Babe in Toyland
Babe in Toyland is rather more low key Chick Lit than I’m used to. It features a heroine who is easy to relate to, but it’s not a very exciting read.
Toby Morris has an unusual job working at Toyland, a large toy company. She designs the directions and models that come boxed with the toys. It’s not work Toby dreamed of doing back when she was an art major in college, but it pays the bills. Her personal life is equally uninspiring. She has no significant other and she lives with her friend Michael, a clarinetist who earns a living giving private lessons to kids. In the absence of anything exciting going on in her life, Toby fixates on P.J. Cody, the hot meteorologist who does the weekend weather at WPHX. First she simply watches P.J. Then she gets an autographed picture, and before long she’s making up weather love poems and sending them to P.J. anonymously. Her friends think she’s nuts, and Toby herself doesn’t quite know what to make of this behavior, but, hey, it keeps her distracted from the boredom of her daily life, and it’s not hurting anyone, is it?
The above plot summary was a bit of a challenge to cough up because of the meandering nature of this book. Most of the story is anecdotal – Toby does this, and Toby does that. Toby is a likable character, but, as she herself has noted, her life isn’t major motion picture material. If Toby were a cannier observer, or had a biting wit about her, or were possessed of more interesting friends, this would no doubt be a more entertaining book. But she isn’t and doesn’t. Her thoughts aren’t hard to read, but they certainly aren’t riveting. The most interesting sub-plot of her life revolves around her volunteering at the hospital on the children’s oncology floor.

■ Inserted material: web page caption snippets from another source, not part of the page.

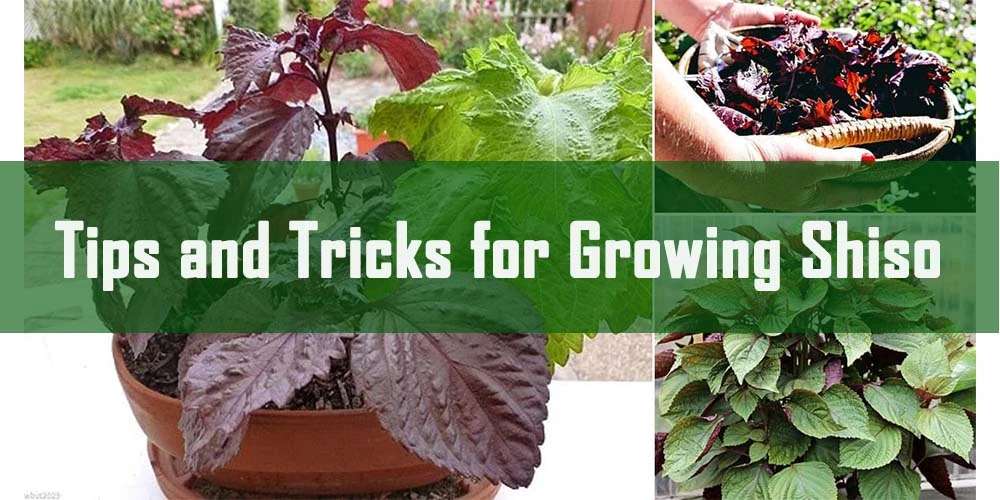 Tips And Tricks For Growing Shiso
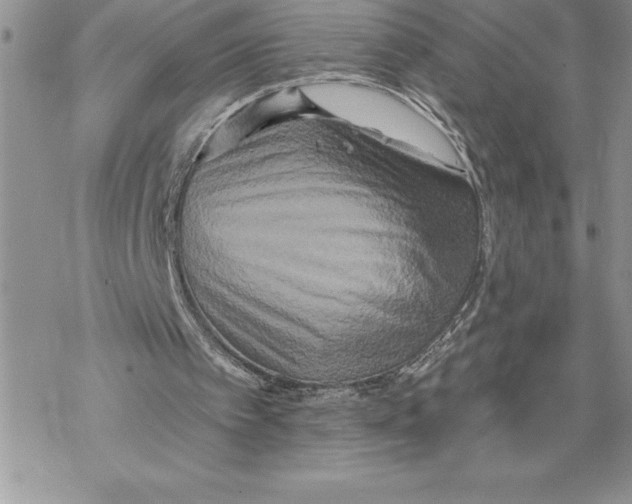 X0000069380097200606021617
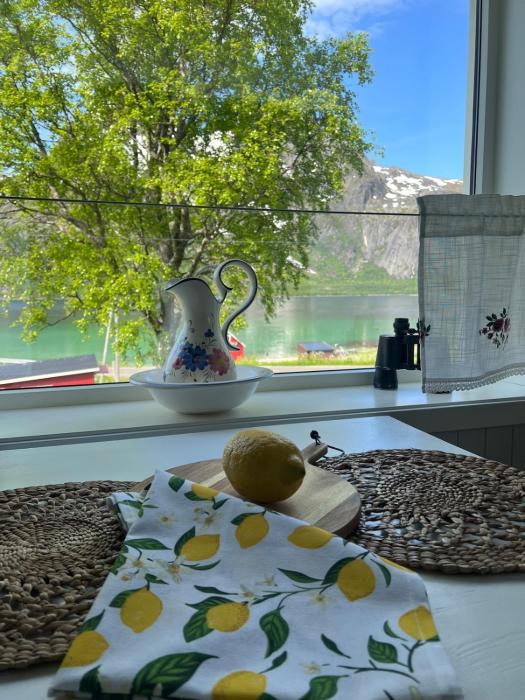 Cozy house with amazing view Lofoten and Vesterålen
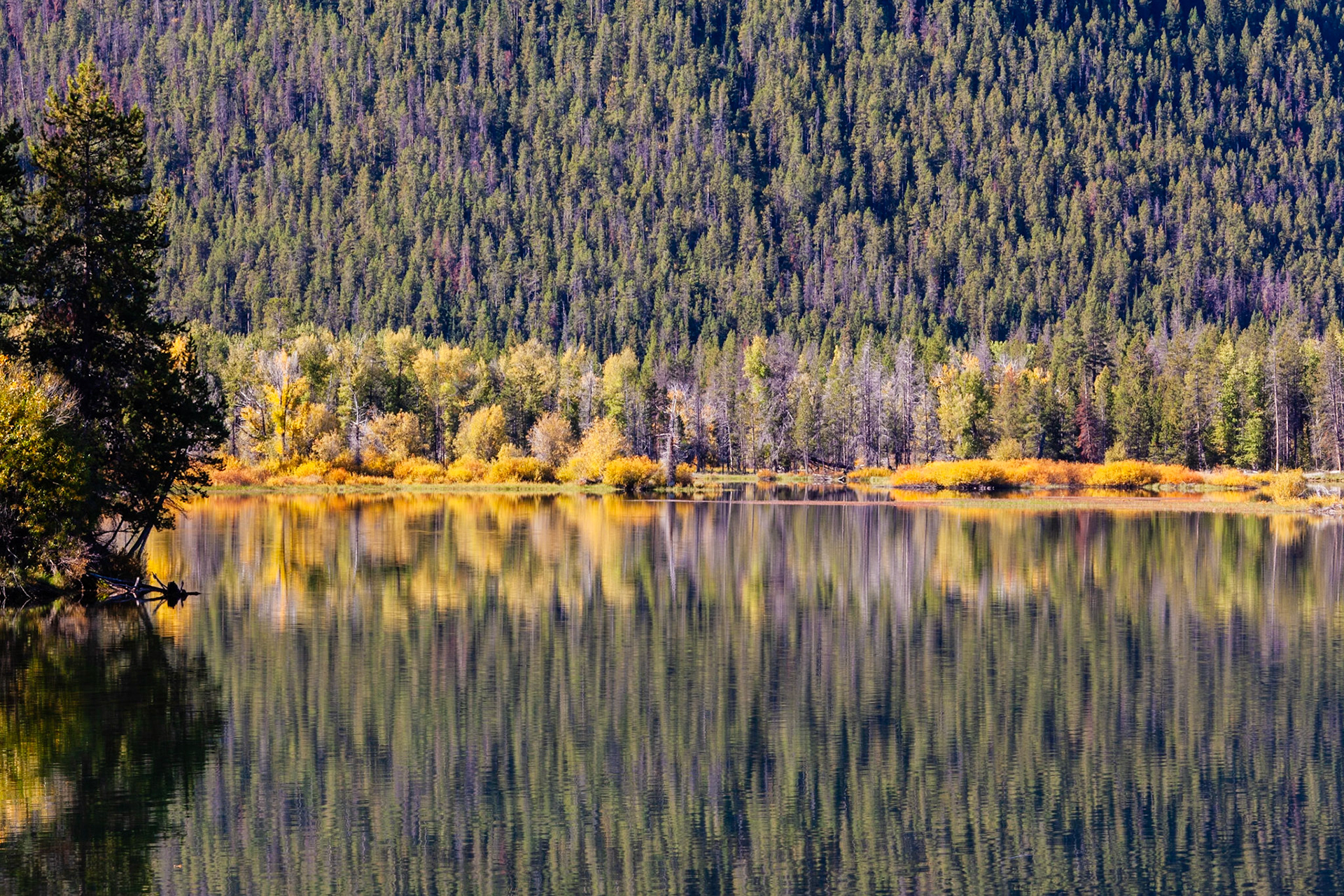 Forest Reflection at Oxbow bend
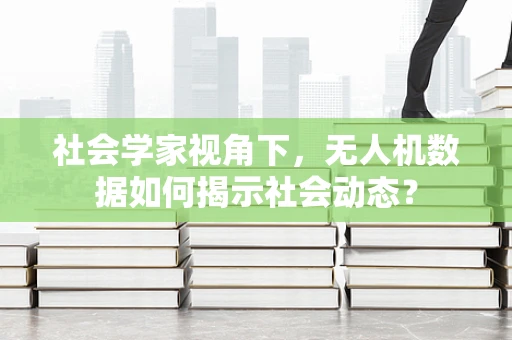 社会学家视角下，无人机数据如何揭示社会动态？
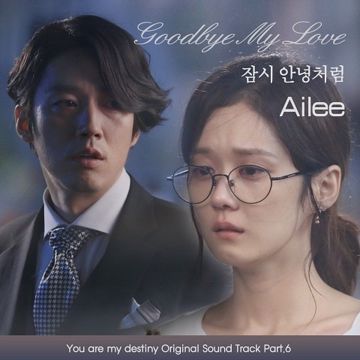 Goodbye My Love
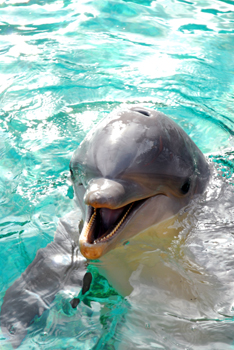 Dolphin Cove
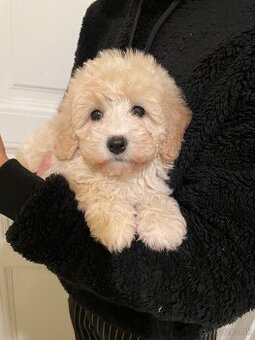 Maltipoo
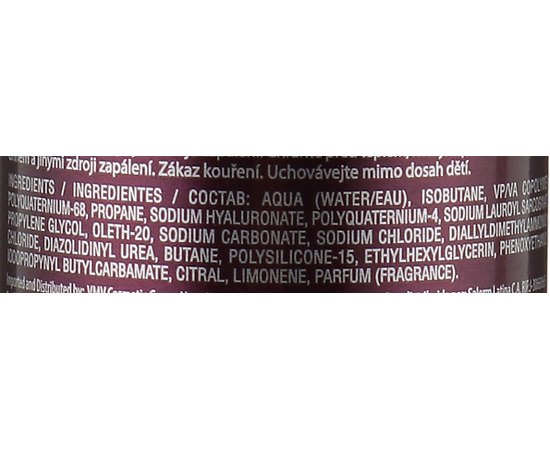 SALERM Volume Mousse Мус-об'єм для укладання волосся, 300 мл, фото _ab__is.image_number.default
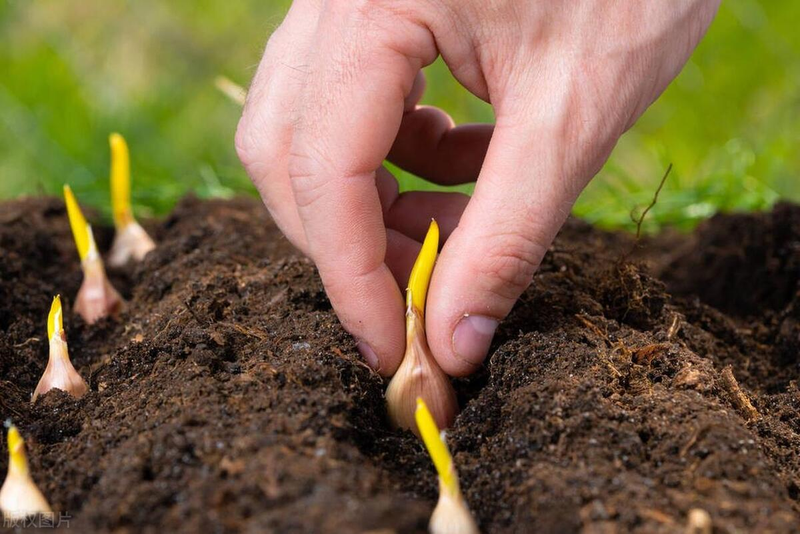 When did you plant garlic in beijing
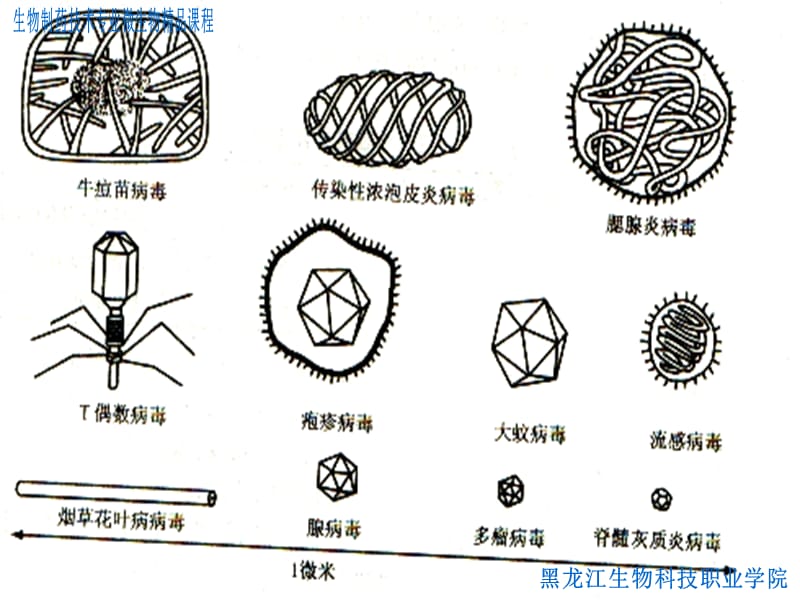 {生物科技管理}病毒的生物学特性_第5页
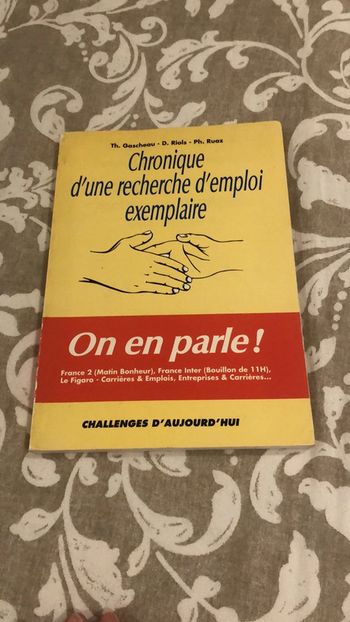 Livre chronique d’une recherche d’emploi exemplaire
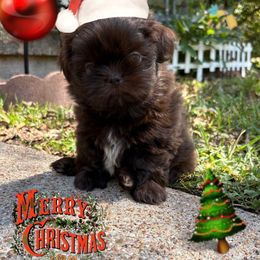 Pearl - Liver female Shih Tzu puppy in Clifton, Texas from 5Z Shih Tzu Squad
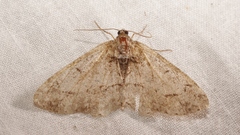 Paradarisa consonaria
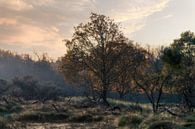 Landschap natuur in Nederland van Steven Dijkshoorn thumbnail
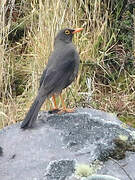 Great Thrush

Olson has a very readable style with only one annoying quirk – quite frequently she ended her chapters with conversational cliffhangers. Toby would be about to reveal something personal to Michael or her friend Kerrin, facing a possibly quite unfavorable response, and then the chapter would abruptly end. And then somewhere in the next chapter that unfavorable response would be alluded to or summed up. This was both annoying and anti-climatic, and, when the book comes to its close, even downright disappointing.
As far as Chick Lit goes, I’ve definitely read books that were more romantic. It would be a spoiler to say the direction Toby’s love life goes in, but I guessed what it would be early on. Unfortunately this person spends most of the book with another woman, and their sexual relationship is definitely alluded to. That was more than I wanted to read, frankly. And when Toby’s romantic resolution does come, it just seems odd and bereft of any sexual chemistry whatsoever.
Babe in Toyland does have a cute fuschia cover which references Toby’s out of the ordinary job. But that cover is probably the most striking feature of this decent, but largely forgettable book.